FORMER President of Zambia Rupiah Banda is the guest speaker at a two-day seminar on presidential election run-offs starting this morning in Nairobi.
Banda lost power to the current President Michael Sata in September 2011 after serving for only one term. He lost by about 200,000 votes. He had trounced Sata by just 35,000 votes in the 2008 run-off triggered by death of President Levy Mwanawasa.
Independent Electoral and Boundaries Commission chair Issack Ahmed is slated to brief participants on the commission's readiness to conduct a presidential run-off.
This will be the first time the country will be conducting a presidential run-off.
The forum is organised by the IEBC, Judiciary, Kenyatta University and Electoral Institute for Sustainable Democracy.

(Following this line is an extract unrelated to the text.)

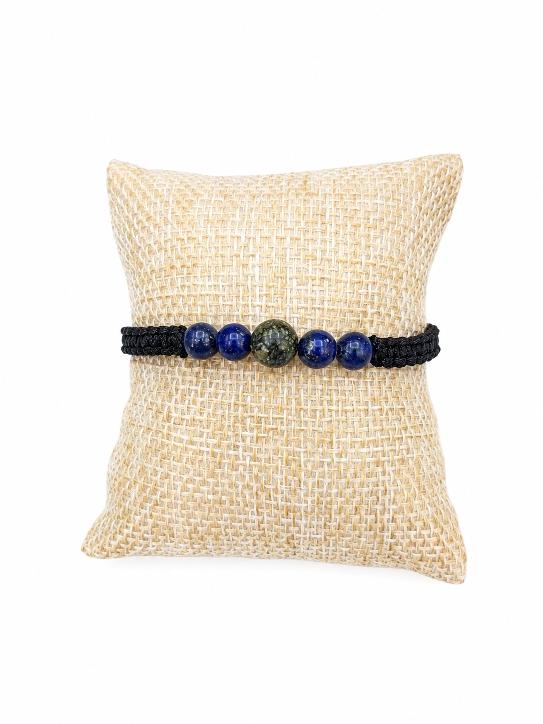 Bracelet tréssé avec des perles en pierres naturelles de plusieurs couleurs et un petit coussin beige sur fond blanc .D'Ici et de Claire 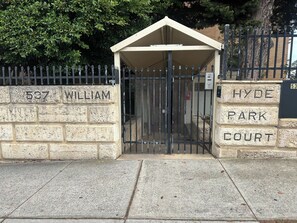 Una entrada cerrada con un muro de ladrillo con la leyenda '587 WILLIAM' y 'HYDE PARK COURT' a la derecha.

"The conference contemplates a possible presidential run-off election as stated under Article 138 of the constitution. This will be a historic electoral occurrence and hence the need to reflect on the possible challenges, opportunities and preparedness," said Lilian Arika, the CEO of the Judiciary Working Committee on Elections Preparations.
Other guest speakers at the forum are deputy chair of Ghanaian Electoral Commission Amadu Sulley, former director of elections in Senegal Macoumba Coume, andformer electoral commissioner Ken Nyaundi.
Both Ghana and Senegal have run-off arrangements and have experience actual run-offs. In the December 2008 Ghanaian presidential elections, no candidate received the more than 50 per cent of the votes as required by the country's laws.
A run off was held later in the same month between the two candidates who had most votes- Nana Akufo0Addo and John Atta Mills. Mills was later declared the winner with a margin of less than one per cent.
In March last year, Senegal conducted a run-off election pitting the eventual winner and current president Macky Sall against immediate former president Abdoulaye Wade.
Kenyan pollsters have in the past predicted a run-off after the March 4 election. The run-off will be held if the winning candidate misses out on the 50 per cent plus one vote or fails to clinch 25 per cent of votes in at least 24 counties.
The run-off will be limited to two candidates- the one who attained the highest and the other with second highest number of votes.
"The conference will be a neutral platform where the academia and practitioners can have a discourse on the theoretical and practical aspects of an election run-off," Arika who is also a magistrate said.
The Supreme Court has already said it will entertain disputes arising from the conduct of the first round election. The 30 day period within which the second round elections will be held start counting after the Supreme Court issues its verdict.